Jun. 29th, 2005

raybear: (mr. lunch)
I'm sitting here listening to monks sing. Not live, but on vinyl. DYA brought home some records that are favorites of her father, and I'm burning them onto CDs for him as a belated father's day gift. The process requires me to pay more attention than usual. How quickly I got spoiled. I remember when I'd spend entire evenings in front of the stereo, making mixtapes, selecting the individual tracks from the piles of CDs, listening to songs in their entirety, sometimes changing my mind and rewinding and re-recording. Now I click and drag and hit a button and leave the room. No blood, sweat, or tears in that.

So [livejournal.com profile] grocerygetter, who's my compadre in the low-residency creative writing grad school experience (though not the same school) posted her reading list for the semester and it made me feel inadequate. She had over 40 books. I have a mere 11 that I'm required to read, but I have ambitions for way more. Not including the research books I'll need for my senior seminar on "writing gender".

But just to put it out there, here's my current "to be read" list, in quasi-order of importance. I've already completed the first 2. I'll probably be writing a lot about the books I'm reading in this journal, so consider this a preview of coming attractions of sorts.

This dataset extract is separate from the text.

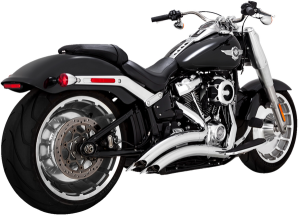 Big Radius Exhaust System Chrome, 3, nordicamoto.ro
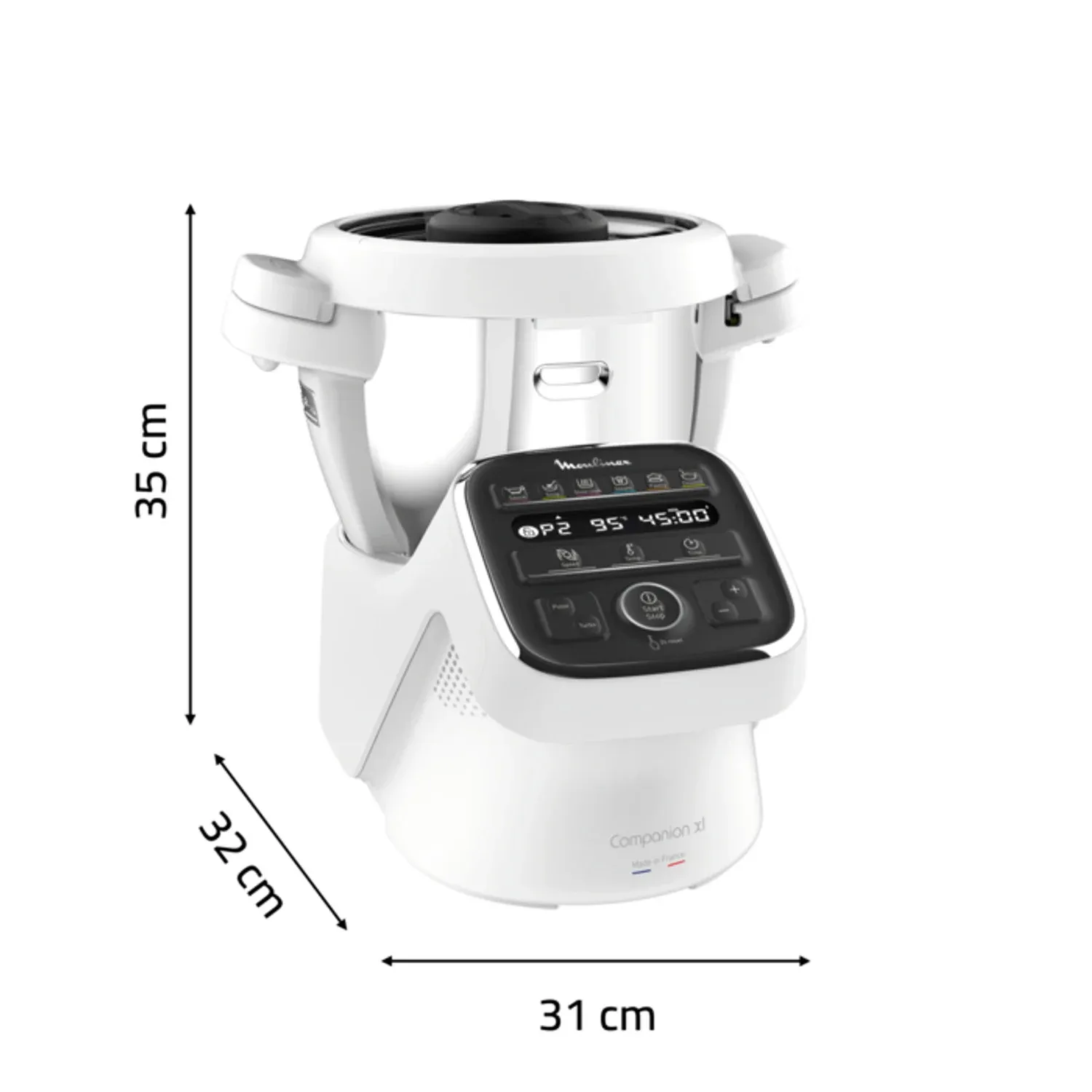 Robot cuiseur multifonctions Companion XL HF80DB10 MOULINEX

1. Jane: A Murder by Maggie Nelson
2. The Things They Carried by Tim O'Brien
3. Big Bad Love by Larry Brown
4. Portrait of an Aritst as a Young Man by James Joyce
5. Atonement by Ian McEwan
6. I Love Dick by Chris Kraus
7. Me Talk Pretty One Day by David Sedaris (this is required for one of my online discussion conferences, believe it or not.)
8. All Souls by Javier Marias
9. My Name is Asher Lev by Chaim Potok
10. Burning Down the House by Charles Baxter
11. The House of Mirth by Edith Wharton
12. Perfume by Patrick Suskind
13. The Safety of Objects by A.M. Homes
14. I Remember by Joe Brainard
15. Diary by Chuck Palahniuk
16. I Spit On Your Graves by Boris Vian
17. The Diary of a Rapist by Evan S. Connell
18. I Am Not Jackson Pollock by John Haskell
19. Middlemarch by George Eliot
20. Don Quixote by Cervantes (new translation by Edith Grossman)
21. two different translations of Homer's Iliad (Christopher Logue and Stanley Lombardo)

Ok, the last three are the most ambitious. I will probably select one of them to read over the course of the semester, in the midst of reading everything else.

Jump in at any point.

There are several others I've recently picked up or ordered, but I'm trying to be a little realistic. I'll save them for post-graduation. And oh yeah, to answer Angelina's question, this is my LAST semester of grad school. Time to dig in.